For small data centers, solar works best when the site has daytime load coincidence. If your edge facility runs consistently during business hours, solar can meaningfully displace grid energy. If load is mostly overnight, the economics are less favorable unless you have storage or highly favorable net metering. This is similar to the logic behind plant-forward dining options: the value is highest when the system is designed around realistic usage, not idealized assumptions.

Batteries as the bridge between power quality and resilience

Batteries are often the highest-value component in hybrid designs because they solve multiple problems at once. They provide instantaneous ride-through during outages, reduce generator starts, help stabilize voltage and frequency, and can be used for peak shaving or load shifting. For a small data center, that can translate into lower maintenance, better fuel efficiency, and cleaner transitions when the generator takes over. Batteries also offer a pathway to lower emissions because many short events can be handled without firing up an engine at all.

The key is duration. Batteries are most cost-effective when their job is to carry the load for minutes, not hours. That makes them perfect for smoothing grid disturbances, allowing orderly generator startup, and covering brief outages that would otherwise cause expensive interruptions. Operators often underestimate how much value is created by avoiding unnecessary generator starts, especially where the generator is oversized and runs inefficiently at low load. In practical terms, that is why battery backup is often the first layer in a hybrid architecture.

Generators remain the long-duration insurance policy

Despite the momentum behind renewables, generators are still indispensable for many small data centers. They provide long-duration resilience when the outage extends beyond battery autonomy or when weather conditions limit solar generation. They also cover edge cases: multi-day storms, maintenance events, utility transformer failures, and periods of low solar availability. The market data makes this clear; as demand for cloud, AI, and edge infrastructure rises, so does the role of backup generation.

The most effective hybrid systems do not eliminate generators; they right-size and optimize them. In many cases, that means smaller runtime windows, lower fuel burn, and less wear over time. Operators exploring this balance may find it helpful to read about custom Linux solutions for serverless environments, where resource allocation and operational efficiency are also central design concerns. The same principle applies here: use the generator for what only the generator can do.

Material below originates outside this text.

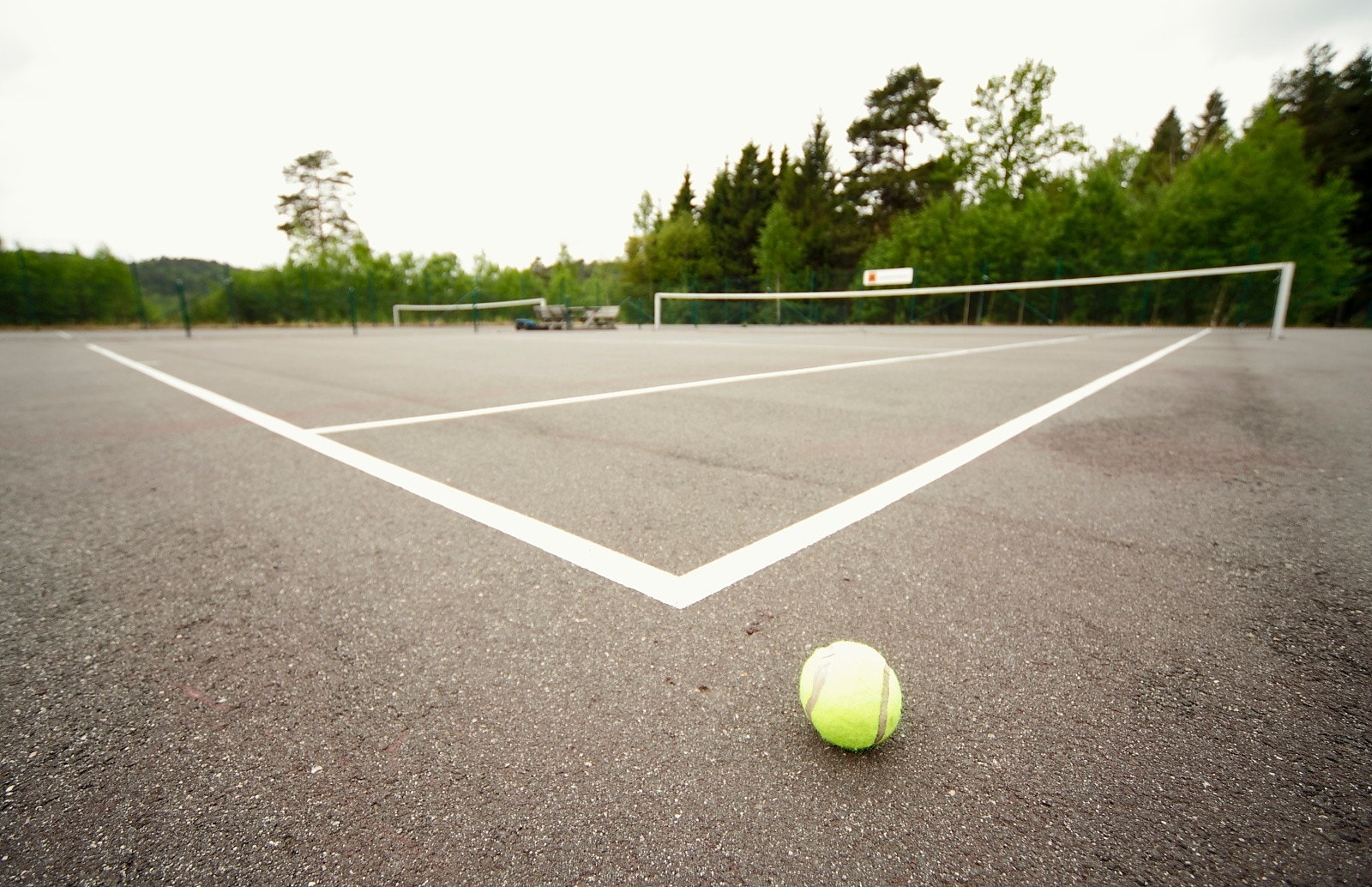 På Hope er det et aktivt idrettslag med innendørsaktiviteter, lysløype, skatepark, fotballbane og tennisbane. Galleribilde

ArchitectureBest ForStrengthsWeaknessesTypical Hybrid Role
Generator onlyLow-budget sites with rare outagesSimple, familiar, long runtimeHigher fuel use, higher emissions, more maintenanceBaseline resilience
Battery onlyShort interruptions, high power quality needsInstant response, zero local emissionsLimited duration, higher upfront cost per kWhRide-through and peak shaving
Solar onlySites with low criticality and strong solar resourceLowest operating emissionsIntermittent, no outage guaranteeEnergy offset, not backup
Solar + batteryDaytime load centers, sustainability-led sitesLower grid draw, fewer generator startsStill limited for long outagesPrimary hybrid efficiency layer
Solar + battery + generatorMission-critical small data centers and edge sitesBest balance of sustainability and resilienceMore controls and integration complexityFull hybrid resilience architecture

4. TCO: How to Compare Hybrid Power Against Conventional Backup

Look beyond capex and focus on lifecycle cost

Total cost of ownership should include hardware, installation, permitting, fuel, maintenance, battery replacement, inverter replacement, controls, testing, and downtime risk. Too many evaluations stop at capex, which makes hybrid systems look expensive when they may actually reduce operating cost over time. A battery may increase upfront spend, but if it cuts generator runtime, lowers fuel consumption, and reduces maintenance intervals, the lifecycle economics can improve materially. The right question is not “What is the cheapest system today?” but “What is the least expensive way to protect critical uptime over 10 years?”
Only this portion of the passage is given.